UNITED STATES DISTRICT COURT FOR THE NORTHERN DISTRICT OF ALABAMA SOUTHERN DIVISION ICON HEALTH & FITNESS, INC., } } Plaintiff, } } v. } Case No.: 2:19-cv-00449-MHH } ANTHONY DAVIS, an individual, } d/b/a IFIT SPORTS } PERFORMANCE, } } Defendant. } MEMORANDUM OPINION Plaintiff ICON Health & Fitness, Inc. has asked the Court to enter default judgment against defendant Anthony Davis, d/b/a IFIT Sports Performance. (Doc. 13). ICON filed this action on March 14, 2019, to enforce its “IFIT” and “IFIT.com” trademarks. (Doc. 1, p. 3, 18–19, ¶ 9). The Clerk made an entry of default against Mr. Davis on August 1, 2019. (Doc. 12). In support of its motion for default judgment, ICON has filed an affidavit describing ICON’s attempts to communicate with Mr. Davis. (Doc. 13-1). For the reasons below, the Court grants ICON’s motion and enters default judgment against Mr. Davis. I. DEFAULT JUDGMENT STANDARD Federal Rule of Civil Procedure 55 establishes a two-step procedure for obtaining a default judgment against a defendant who has not appeared after being properly served with a complaint. First, when a defendant fails to defend a lawsuit, as in this case, the Clerk of Court may enter a clerk’s default. Fed. R. Civ. P. 55(a).
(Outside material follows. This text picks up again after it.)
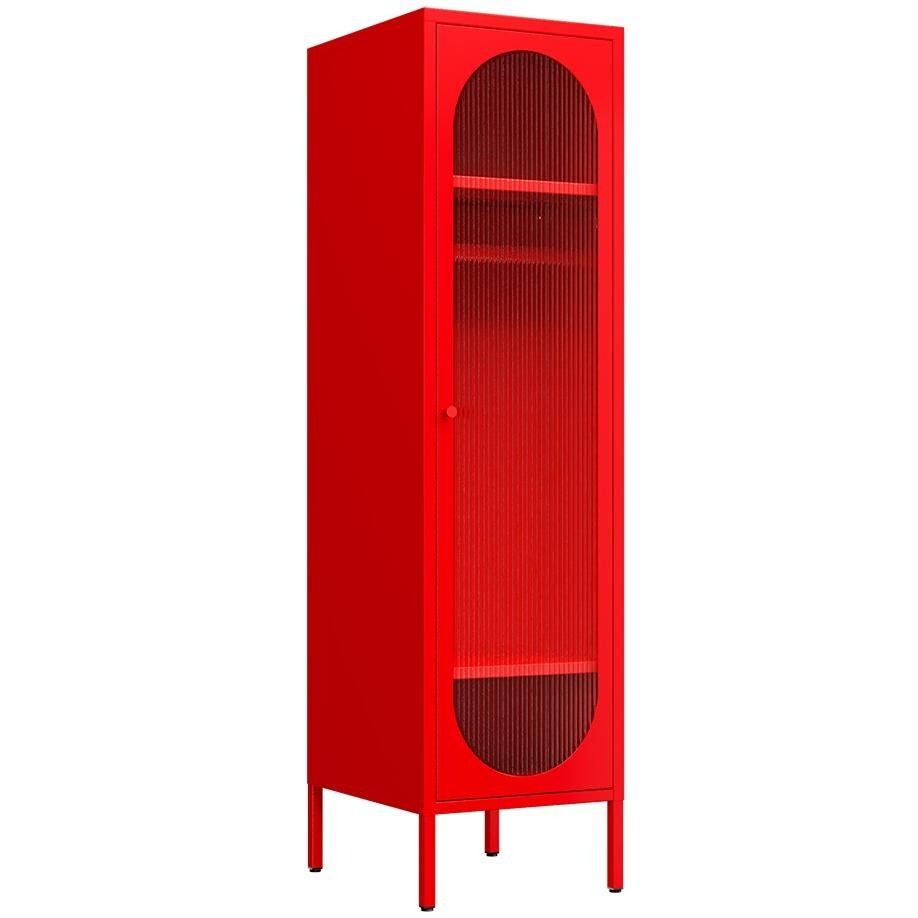 Metal Wardrobe Cabinet with Adjustable Shelves & Hanging Rod-image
Second, after entry of the clerk’s default, if the defendant is not an infant or an incompetent person, the Court may enter a default judgment against the defendant because of the defendant’s failure to appear or defend. Fed. R. Civ. P. 55(b)(2). “A

default judgment must not differ in kind from, or exceed in amount, what is demanded in the pleadings.” Fed. R. Civ. P. 54(c). “A motion for default judgment is not granted as a matter of right.” Pitts ex

rel. Pitss v. Seneca Sports, Inc., 321 F. Supp. 2d 1353, 1356 (S.D. Ga. 2004) (internal footnote omitted). After a clerk enters a default pursuant to Rule 55(a), the Court must review the sufficiency of the complaint and the substantive merits of the

complaint to determine whether a moving party is entitled to default judgment. Chudasama v. Mazda Motor Corp., 123 F.3d 1353, 1370 n.41 (11th Cir. 1997). The Court must ensure that the well-pleaded allegations in the complaint state a substantive cause of action and that an adequate basis exists in the pleadings for the

relief sought. Cotton v. Mass Mut. Life Ins. Co., 402 F.3d 1267, 1278 (11th Cir. 2005). In addition to the pleadings, the Court may consider evidence presented in the form of an affidavit or declaration. Frazier v. Absolute Collection Serv., Inc.,

767 F. Supp. 2d 1354, 1362 (N.D. Ga. 2011). A defaulting defendant “admits the plaintiff’s well-pleaded allegations of fact” for purposes of liability. Buchanan v. Bowman, 820 F.2d 359, 361 (11th Cir. 1987) (quoting Nishimatsu Constr. Co., Ltd. v. Houston Nat’l Bank, 515 F.2d 1200, 1206 (5th Cir. 1975) (internal quotation

marks omitted)). II. FACTUAL ALLEGATIONS

ICON is one of the world’s largest manufacturer and seller of exercise and fitness equipment. (Doc. 1, p. 3, ¶ 8). In 1999, ICON launched a new line of fitness products called “IFIT.” (Doc. 1, p. 3, ¶ 10). To accompany the new line, “ICON created an online service at www.ifit.com . . . that provided users with personalized

video and audio workouts” and other features. (Doc. 1, pp. 3–4, ¶ 10). The “IFIT” product line now includes wearable equipment that tracks a user’s fitness and wellness information. ICON developed a mobile app that interfaces with and

collects data from “IFIT” products, allowing users to “track their nutrition and weight loss, set personal health fitness, and nutrition goals, and otherwise manage their activities and lifestyles.” (Doc. 1, p. 5, ¶¶ 13–14).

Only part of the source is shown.